Today, plywood still covers our Confederate Veterans' Monument in Birmingham as it has since August 2017.

This desecration continues, in spite of the Memorial Preservation Act passed by the Republican-controlled Legislature; after two years of taxpayer-paid litigation by Attorney General Steve Marshall; and after Alabama's Supreme Court's decision Nov. 27, 2019, declaring Birmingham violated the law by covering the monument.

The Supreme Court also ruled that cities can pay a one-time fine of $25,000 and violate this law by altering a monument or renaming a street that is named for an historic figure, such as Robert E. Lee or Martin Luther King, Jr., both of whom are honored with a state holiday this Monday.

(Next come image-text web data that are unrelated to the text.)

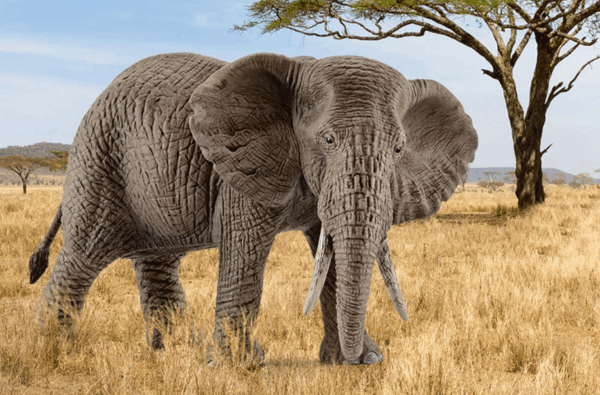schleich elephant female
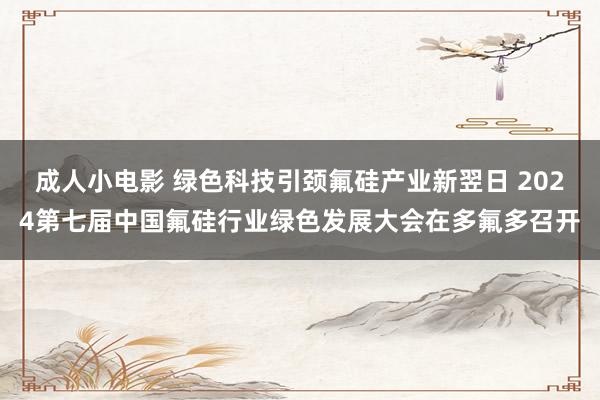 成人小电影 绿色科技引颈氟硅产业新翌日 2024第七届中国氟硅行业绿色发展大会在多氟多召开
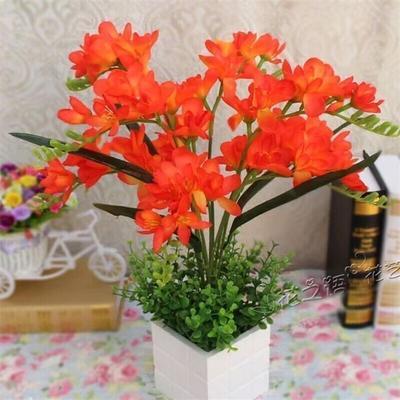 【十里飘香】懒人新品清香玉球根兰花盆栽花卉大全耐寒四季开花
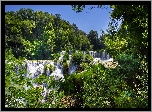 Chorwacja, Park Narodowy Krka, Wodospad, Kaskada, Las, Drzewa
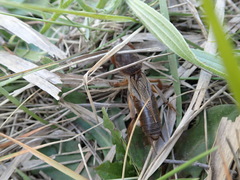 Gryllotalpa septemdecimchromosomica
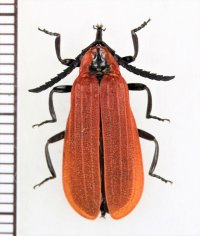 タイワンベニボタル　八重山亜種　♀　石垣島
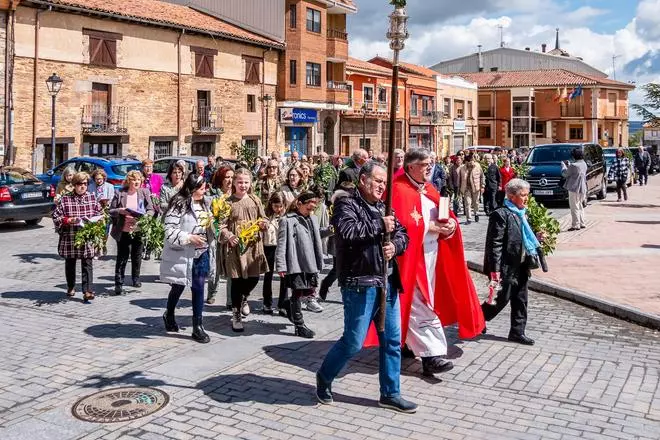 Bendiciones con historia en Tábara por el Domingo de Ramos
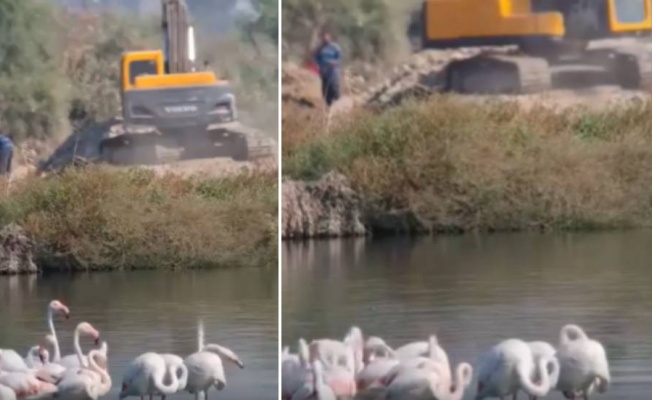 Haspolat'ta doğanın korunması için acil çağrı!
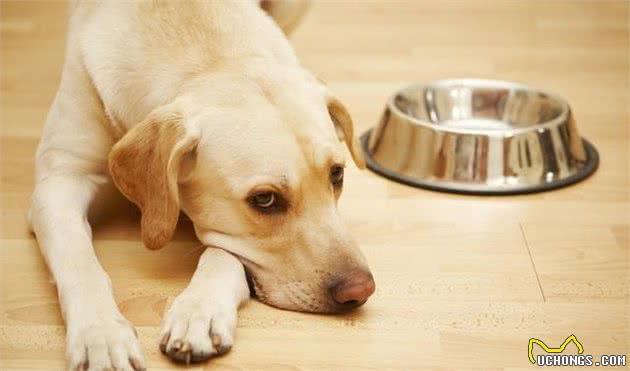 易引起犬过敏的7种食物，有些还特别常见，狗主人应小心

Marshall maintained that the clear intent of the Legislature was for a $25,000 per day fine for each violation, not a total fine of $25,000.

However, the Court ruled: "If the Legislature intended to penalize the City defendants for each day they remained in violation of the Act, it could have specifically so provided, as it has done in numerous other civil Statutes."

Justice Michael Bolin added: "I question whether a fine in the total amount of $25,000 discourages such conduct by a public entity, and I encourage the Legislature to revisit the Act, to consider the adequacy of the amount of the fine. A single fine in this amount for an intentional violation of the Statute, after over two years of litigation, seems to be a minute (insignificant) deterrence for the same or similar future conduct.”

Republican legislators can correct their obvious fumble by amending this Act to read $25,000 per day for each violation. As it is now, Birmingham can pay $25,000 one time and leave the plywood, which simply amounts to a license to destroy history.